**Activity:**
Would you please repeat, word for word, only the lines from the one holding "NS, NL Echappement" through the one holding "Pre Owned 2023" in the material below, without the pictures?

**Input data:**
-.-.-
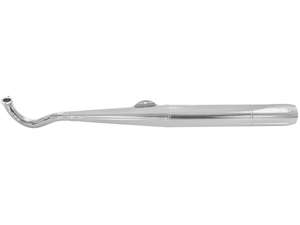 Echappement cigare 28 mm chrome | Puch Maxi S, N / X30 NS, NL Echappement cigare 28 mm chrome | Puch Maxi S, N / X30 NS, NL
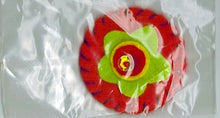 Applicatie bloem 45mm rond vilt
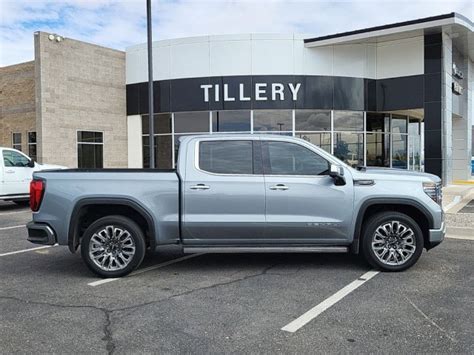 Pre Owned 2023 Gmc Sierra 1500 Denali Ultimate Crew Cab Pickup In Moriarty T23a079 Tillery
-.-.-
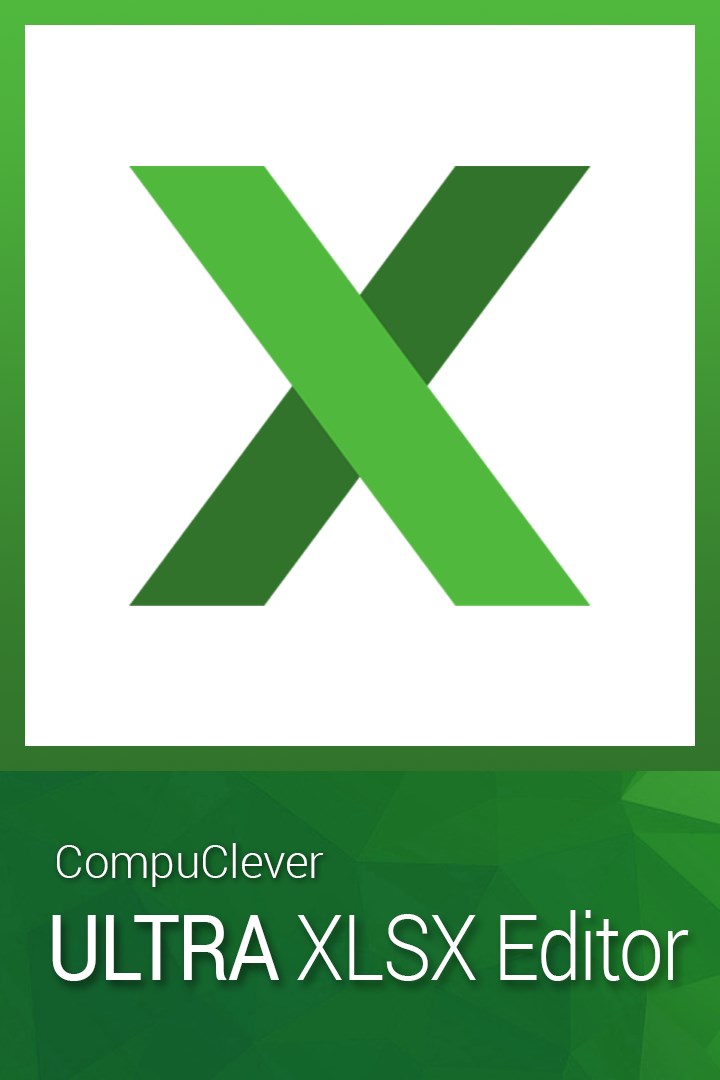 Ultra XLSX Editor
-.-.-
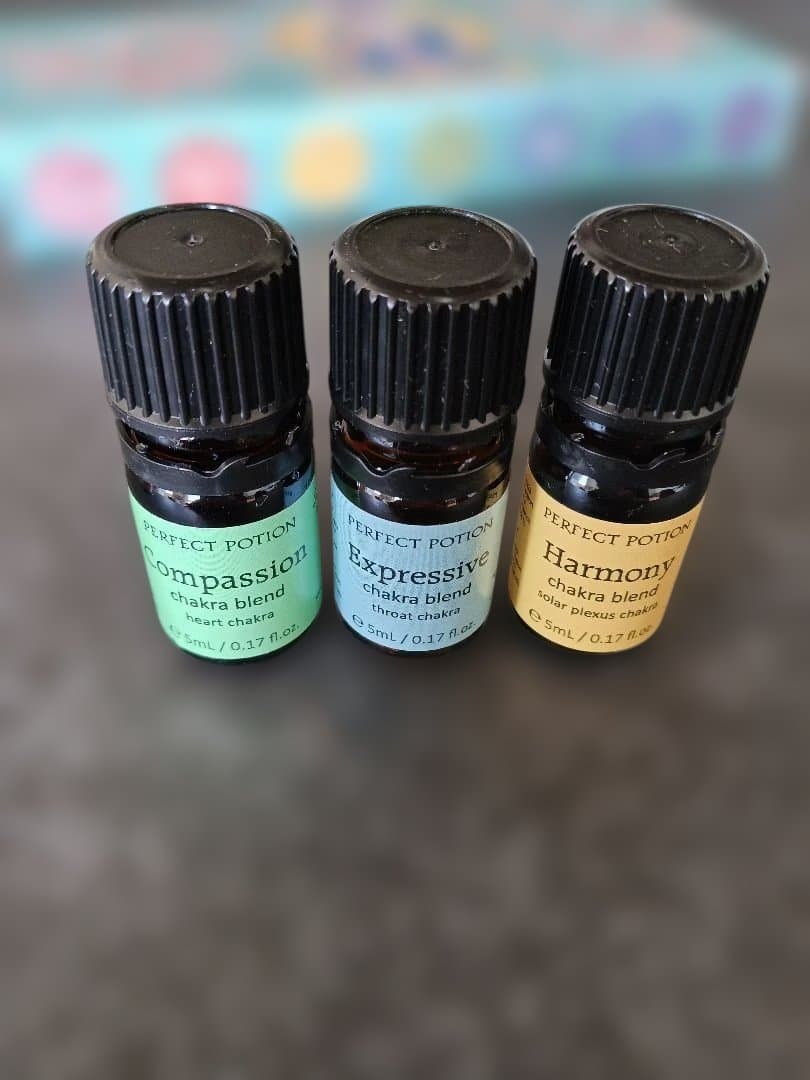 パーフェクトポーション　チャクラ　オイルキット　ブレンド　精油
-.-.-
**Answer to the exercise:**
 Echappement cigare 28 mm chrome | Puch Maxi S, N / X30 NS, NL Echappement cigare 28 mm chrome | Puch Maxi S, N / X30 NS, NL
 Applicatie bloem 45mm rond vilt
 Pre Owned 2023 Gmc Sierra 1500 Denali Ultimate Crew Cab Pickup In Moriarty T23a079 Tillery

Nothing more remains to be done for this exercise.